#### [What is being asked]
Please repeat word for word the line containing "Buffet breakfast in" and every following line up to and including the last one below, pictures excluded.

(Stored dataset items)
------

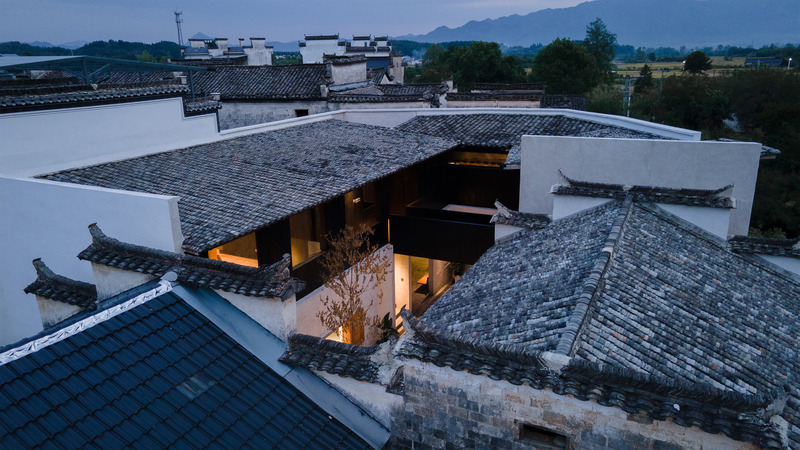 Dossier de presse | 7726-01 - Communiqué de presse | FW JI · Le Musée de la Mémoire Rurale - IARA - Architecture institutionnelle - Vue à vol d’oiseau - Crédit photo : Yi Huang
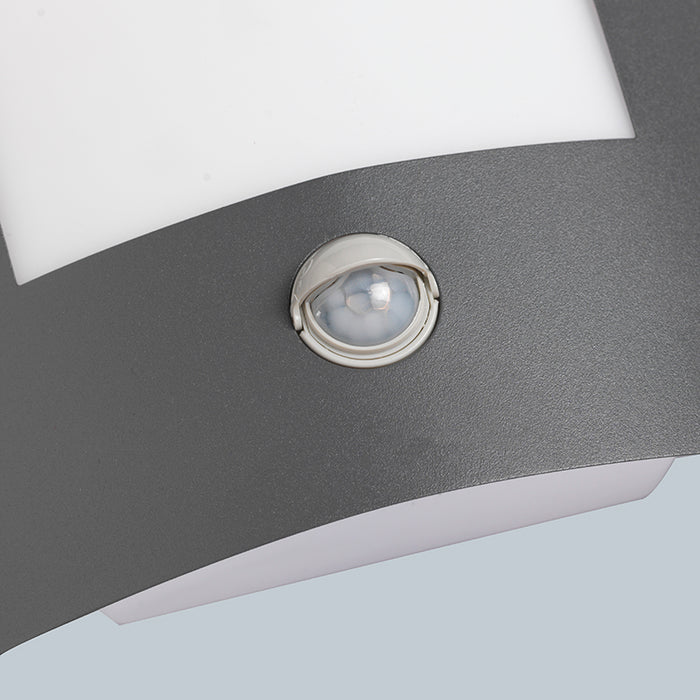 QAZQA Buitenwandlamp antraciet met bewegingssensor IP44 - Emmerald 1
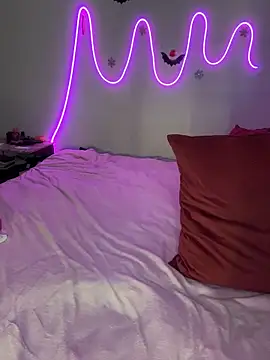 Mizztikaa online show from 12-21-25, 02:41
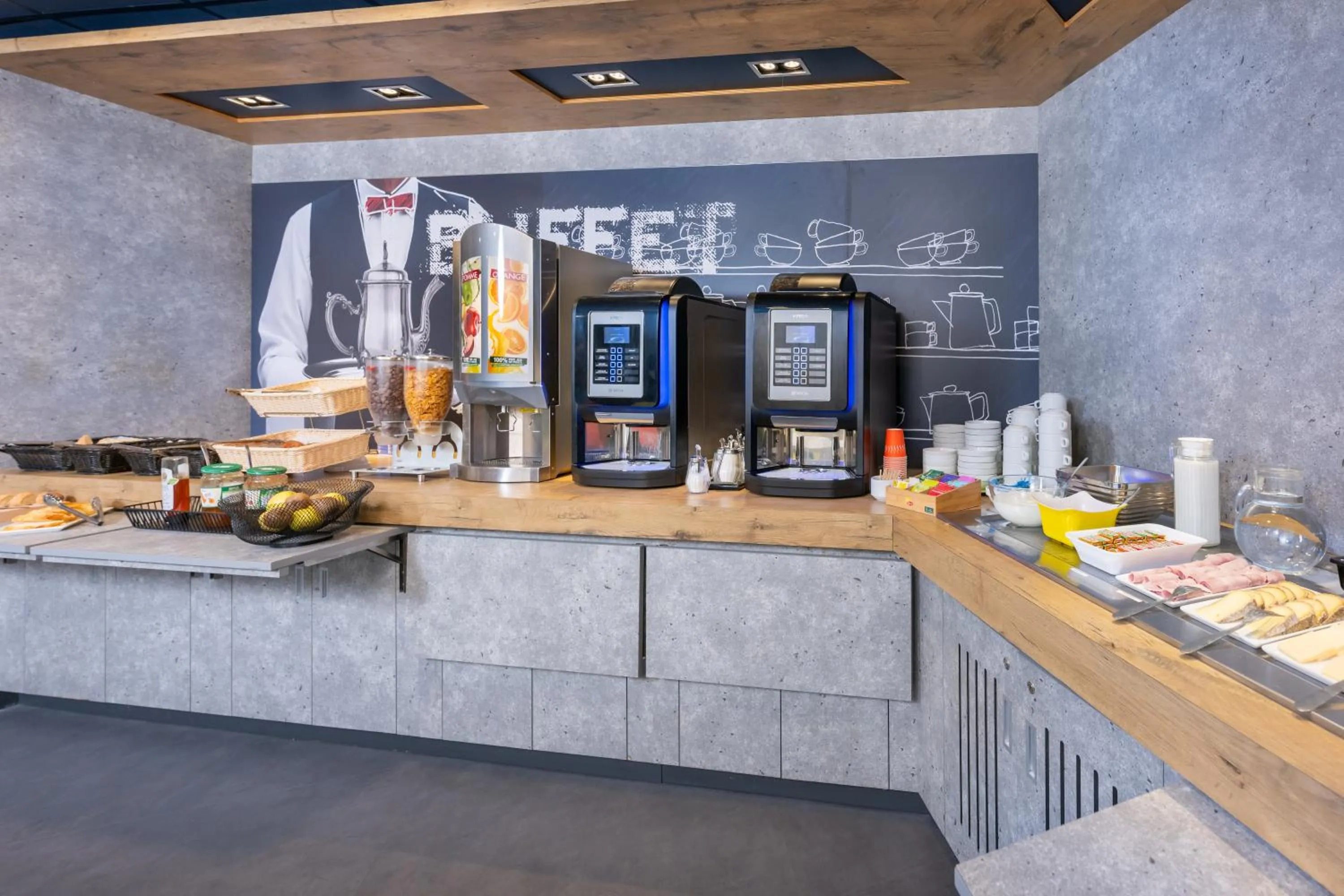 Buffet breakfast in Ibis Budget Lyon Caluire Cité Internationale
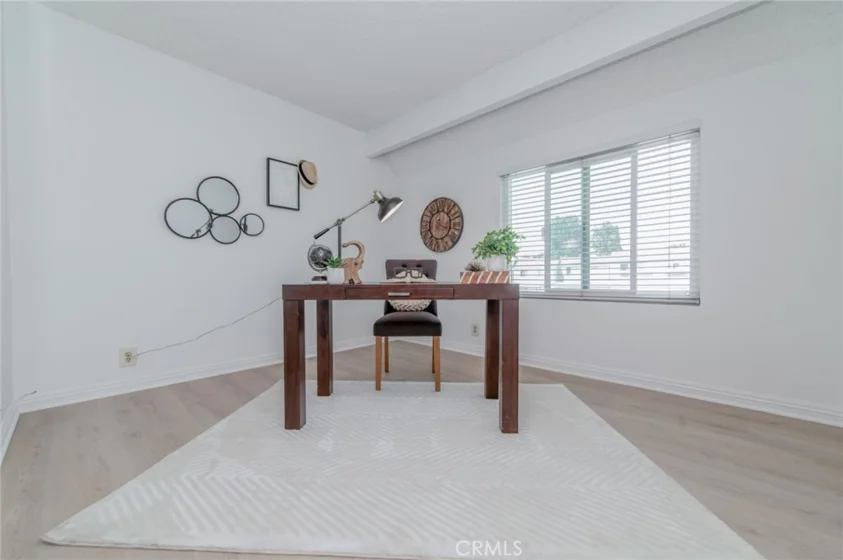 44 Fallbrook photo 12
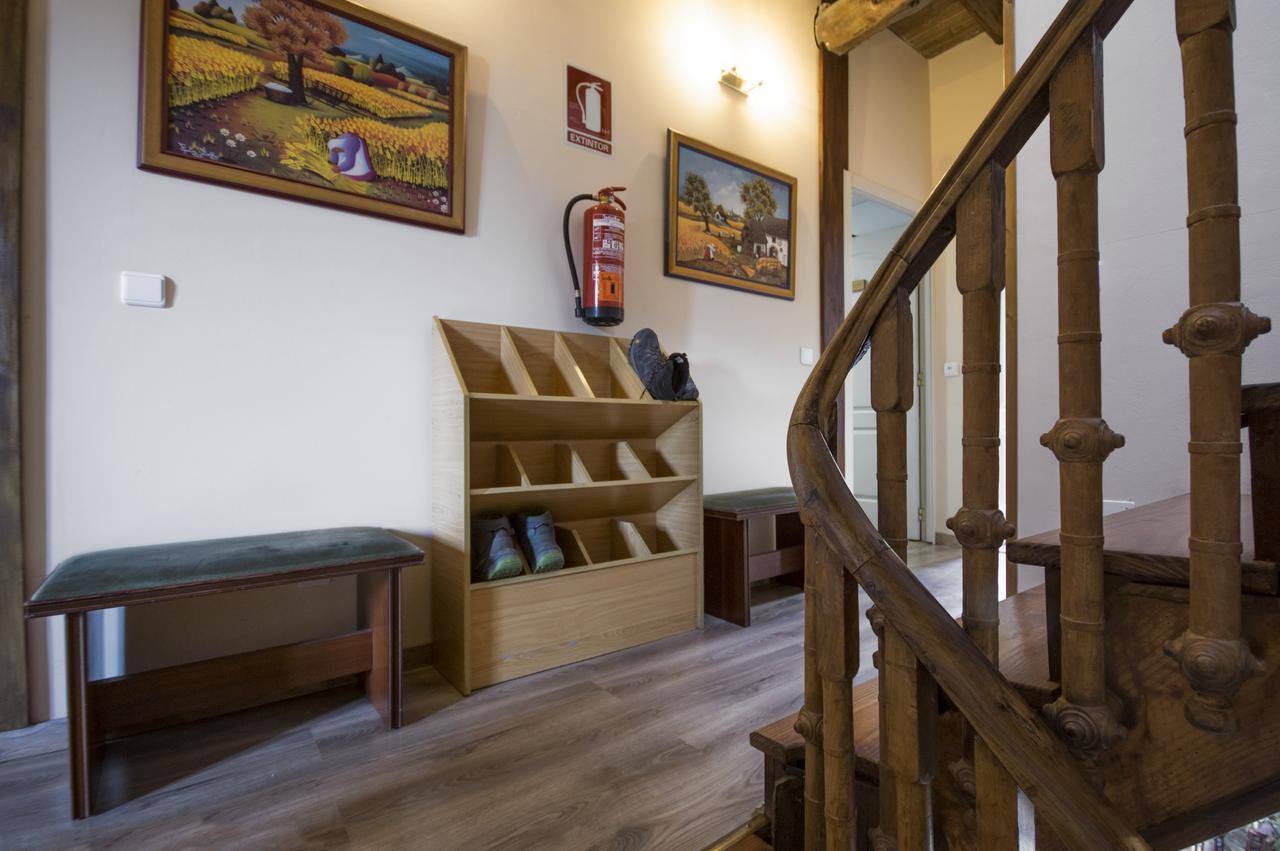 La Casona De Sarria Hostel Екстериор снимка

------

#### [Response for this exercise]
 Buffet breakfast in Ibis Budget Lyon Caluire Cité Internationale
 44 Fallbrook photo 12
 La Casona De Sarria Hostel Екстериор снимка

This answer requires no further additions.